Restriction of amino acid change in influenza A virus H3HA: comparison of amino acid changes observed in nature and in vitro

Abstract

We introduced 248 single-point amino acid changes into hemagglutinin (HA) protein of the A/Aichi/2/68 (H3N2) strain by a PCR random mutation method. These changes were classified as positive or negative according to their effect on hemadsorption activity. We observed following results. (i) The percentage of surviving amino acid changes on the HA1 domain that did not abrogate hemadsorption activity was calculated to be ca. 44%. In nature, it is estimated to be ca. 39.6%. This difference in surviving amino acid changes on the HA protein between natural isolates and in vitro mutants might be due to the immune pressure against the former. (ii) A total of 26 amino acid changes in the in vitro mutants matched those at which mainstream amino acid changes had occurred in the H3HA1 polypeptide from 1968 to 2000. Of these, 25 were positive. We suggest that the majority of amino acid changes on the HA protein during evolution might be restricted to those that were positive on the HA of A/Aichi/2/68. (iii) We constructed two-point amino acid changes on the HA protein by using positive mutants. These two-point amino acid changes with a random combination did not inhibit hemadsorption activity. It is possible that an accumulation of amino acid change might occur without order. (iv) From the analysis of amino acids participating in mainstream amino acid change, each antigenic site could be further divided into smaller sites. The amino acid substitutions in the gaps between these smaller sites resulted in mostly hemadsorption-negative changes. These gap positions may play an important role in maintaining the function of the HA protein, and therefore amino acid changes are restricted at these locations.

FIG. 1.

Distribution of HA protein that did not show hemadsorption activity. After transfection of mutant HAs which were incapable of hemadsorption, cells were fixed with ethanol-acetone or 4% formamide as described in Materials and Methods. pME18SHA(2/0)#101-transfected cells were fixed with ethanol-acetone (A) or 4% formamide (C), and pME18SHA(2/0)#34-transfected cells were fixed with ethanol-acetone (B) or 4% formamide (D). In panel B, the open triangle indicates staining of the perinuclear region, and the solid triangle indicates staining of ER.

FIG. 2.

Single amino acid substitutions and their effect on hemadsorption activity. HA proteins changed by a single amino acid, which were derived from the HA gene of A/Aichi/68, were analyzed by hemadsorption activity and cellular location, as described in Materials and Methods.
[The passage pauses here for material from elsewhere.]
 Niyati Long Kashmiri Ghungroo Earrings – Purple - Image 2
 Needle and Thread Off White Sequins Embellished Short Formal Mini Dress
Substituted amino acids are shown under the sequence using the one-letter system. Red letters indicate a negative change, and green letters indicate a positive change. The location of the HA of these single HA mutants is also shown under the substitution. An “s” indicates that the mutant HA had moved to the cell surface mainly, and “g” or “e” indicates that the mutant HA remained mainly in the Golgi or ER, respectively.

FIG. 3.

Possible mainstream amino acid changes of the H3 HA1 from 1968 to 2000. Possible mainstream amino acid changes are shown from A/Aichi/2/68 to A/Panama/2007/99. The numbers on the right side of the mainstream line indicate positions that underwent the second (✽) and the third (✽✽) amino acid changes. The number symbol (#) indicates the changed amino acids of positions 190, 260, and 276 that were different compared to those in Fig. 2. Site-directed mutagenesis was carried out at these sites as described in the text. The position of A/Panama/2007/99 was determined by analyzing many strains isolated during 1999 and 2002.

FIG. 4.

Two-point amino acid substitutions and their effect on hemadsorption activity. These two-point amino acid-substituted HA cDNAs were constructed as described in Materials and Methods. Transfection and hemadsortion assays were as described in Materials and Methods. After incubation of transfected COS cells with CRBCs, cells were washed with PBS. Adsorbed RBCs were measured by determining the absorbance at 540 nm after disruption of these cells with 100 μl of water. The results are shown for vector, 144HA, and (144+x)HA.

FIG. 5.

Fine structure of antigenic sites. Observed amino acid positions in natural isolates (green) and negatively changed positions (red) in Table 2 are shown on a three-dimensional structure of the HA monomer.